Data for review:
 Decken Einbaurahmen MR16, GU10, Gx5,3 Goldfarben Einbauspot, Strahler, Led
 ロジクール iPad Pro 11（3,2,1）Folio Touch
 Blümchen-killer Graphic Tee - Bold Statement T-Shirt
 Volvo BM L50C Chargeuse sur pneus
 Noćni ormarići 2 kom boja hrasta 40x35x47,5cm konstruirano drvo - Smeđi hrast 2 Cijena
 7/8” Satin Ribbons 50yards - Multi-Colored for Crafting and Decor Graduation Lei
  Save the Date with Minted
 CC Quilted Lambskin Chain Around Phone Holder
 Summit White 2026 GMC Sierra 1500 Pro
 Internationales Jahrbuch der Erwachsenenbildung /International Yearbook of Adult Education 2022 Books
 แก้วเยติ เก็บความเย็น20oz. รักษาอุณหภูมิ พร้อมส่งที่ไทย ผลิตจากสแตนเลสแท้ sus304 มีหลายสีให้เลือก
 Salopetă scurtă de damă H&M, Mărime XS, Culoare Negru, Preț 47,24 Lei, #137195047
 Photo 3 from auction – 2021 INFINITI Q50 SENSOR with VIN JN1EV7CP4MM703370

What to do:
Each entry above must be retyped exactly.

Problem solution:
 Decken Einbaurahmen MR16, GU10, Gx5,3 Goldfarben Einbauspot, Strahler, Led
 ロジクール iPad Pro 11（3,2,1）Folio Touch
 Blümchen-killer Graphic Tee - Bold Statement T-Shirt
 Volvo BM L50C Chargeuse sur pneus
 Noćni ormarići 2 kom boja hrasta 40x35x47,5cm konstruirano drvo - Smeđi hrast 2 Cijena
 7/8” Satin Ribbons 50yards - Multi-Colored for Crafting and Decor Graduation Lei
  Save the Date with Minted
 CC Quilted Lambskin Chain Around Phone Holder
 Summit White 2026 GMC Sierra 1500 Pro
 Internationales Jahrbuch der Erwachsenenbildung /International Yearbook of Adult Education 2022 Books
 แก้วเยติ เก็บความเย็น20oz. รักษาอุณหภูมิ พร้อมส่งที่ไทย ผลิตจากสแตนเลสแท้ sus304 มีหลายสีให้เลือก
 Salopetă scurtă de damă H&M, Mărime XS, Culoare Negru, Preț 47,24 Lei, #137195047
 Photo 3 from auction – 2021 INFINITI Q50 SENSOR with VIN JN1EV7CP4MM703370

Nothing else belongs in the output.